The Lord Has to Build His House {an announcement}

Jun 10, 2021

Do you ever find yourself hitting up against the same wall over and over? Circling the same dumb hill?

I don't know what your hill is, but mine is physical energy.

And my frustration is finding time to do all of the things I need to do in a day.

Just 1/2 hour ago, I was talking with my bestie. It had started off with a series of long messages I blasted off to her asking her to pray for wisdom, because I can't keep doing what I'm doing.

Folks, I get up at 4:30 in the morning (and I am sharing that for a specific reason).

Now - there have been seasons when I moved my alarm back - or even shut it off. Seasons when I've been in a crash - when I barely got through my day.

And as soon as I felt better, my alarm would go right back to getting up at 4:30.

As if I couldn't see the pattern.

Well, I could - I just didn't want to acknowledge it.

About 1/2 hour later, I went back and deleted those messages I sent off - because the wisdom came in short order, and I was excitedly sharing with her that God had revealed to me how it would work...and part of this chapter came to mind, "In vain you rise early..."

So, when I was done with my message - I looked it up - and realized that the whole chapter was about me and my current situation.

I get up early to have time to get my work done before my kids get up and we start on school.

But I'm so fatigued from forcing my body into an unnatural schedule that I'm not efficient at all.
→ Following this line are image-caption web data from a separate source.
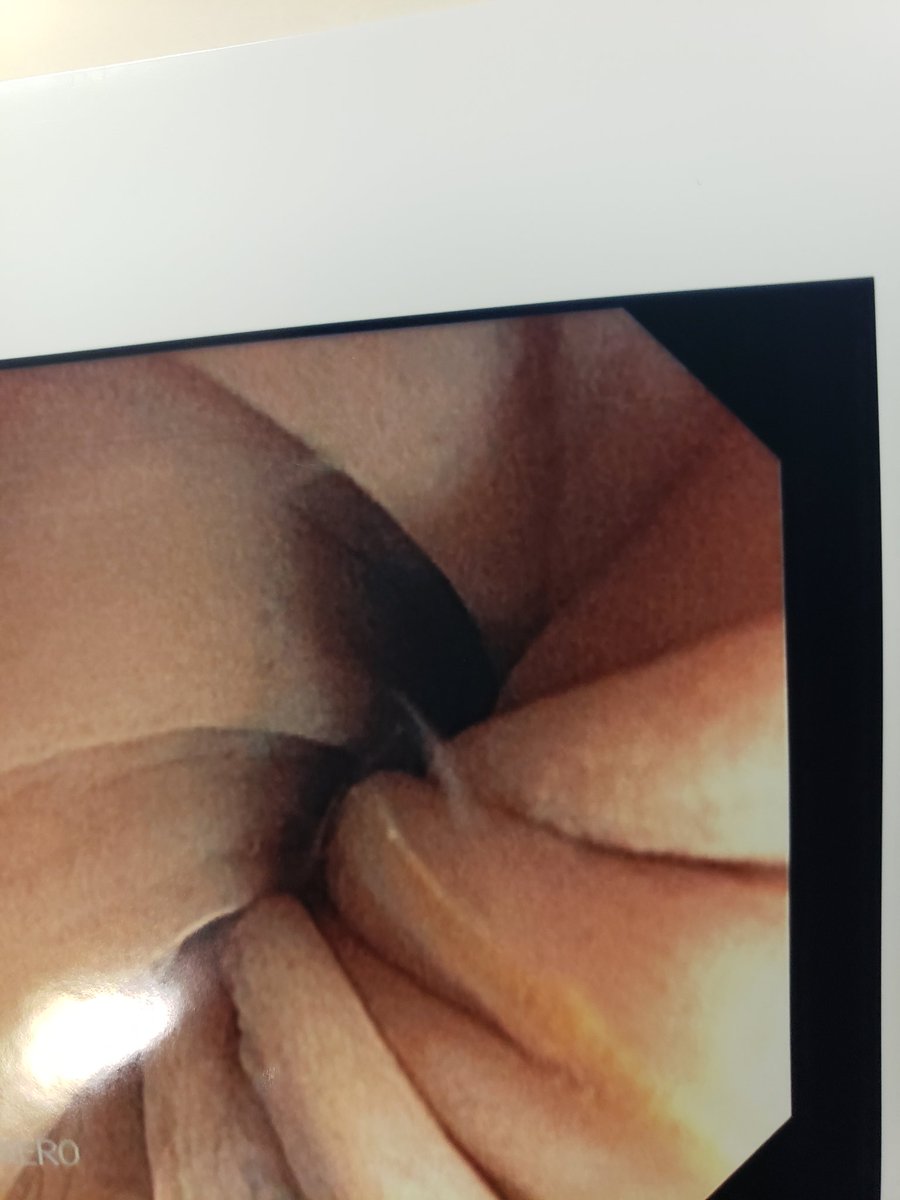 GIDrDon's tweet photo. Sigmoid volvulus....emergent endoscopic decompression is the treatment of choice before definitive surgical therapy. #volvulus #endoscopicdecompression #giemergency #MedEd https://t.co/75iVjr46NI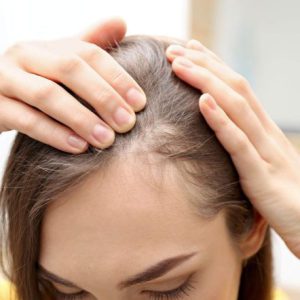 Oral minoxidil ماینوکسیدیل ریزش مو در زنان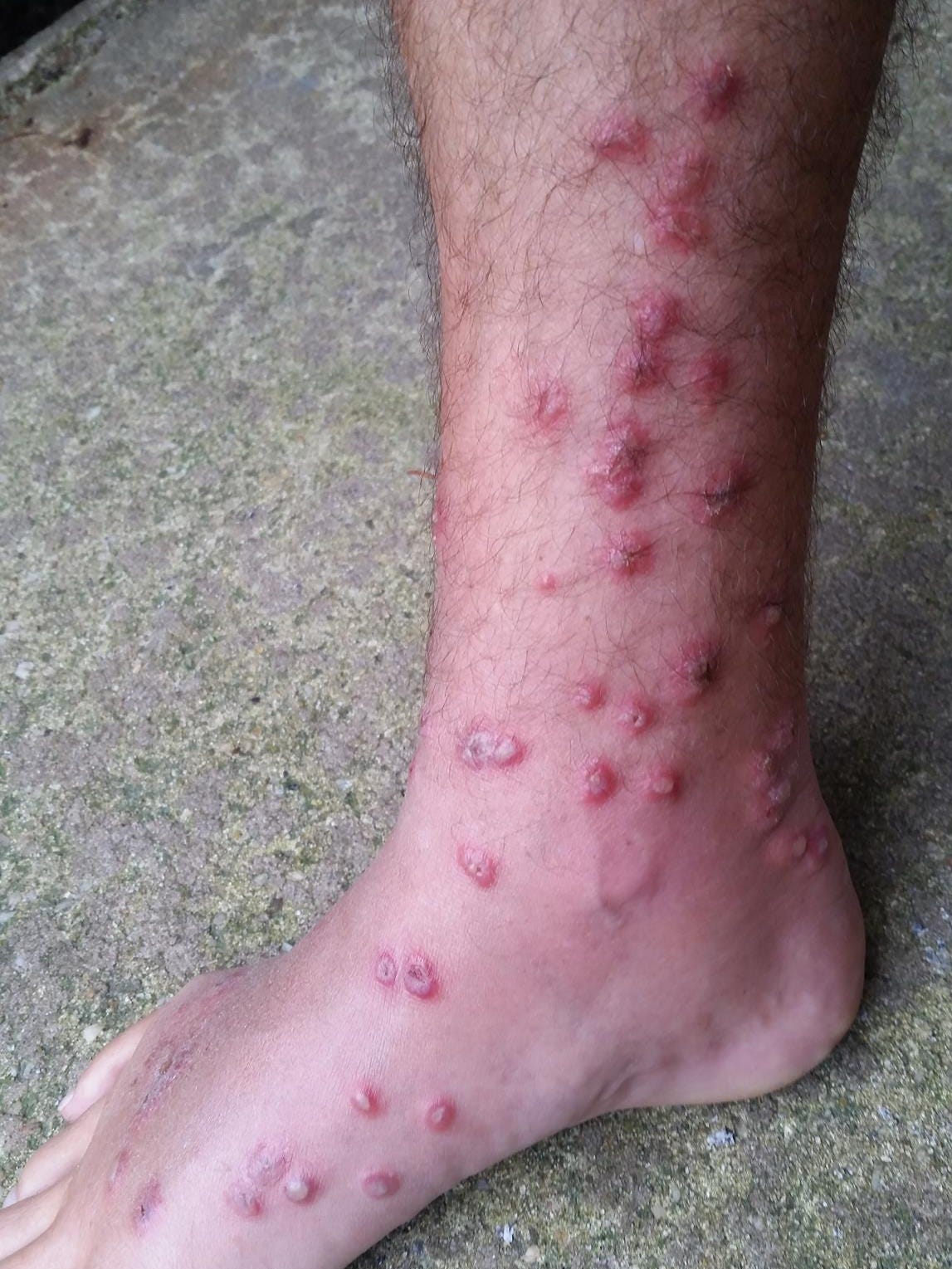 swimmers itch feet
In fact, while talking with her, it occurred to me that getting up early was most certainly in vain because it was counterproductive. I was getting less done in more time because the brain fog was so bad and the fatigue so overwhelming, I couldn't get my work done like I normally would.

And the biggest reason why I wanted to get my work done early was so I can spend time with my kids apart from just being their teacher.

But I end up such a zombie, that I don't really get that quality time I'd like.

The Lord wants to build this house, but He has to get me and my type-A, take-charge, take-over, bossy, over-planning self out of the way first!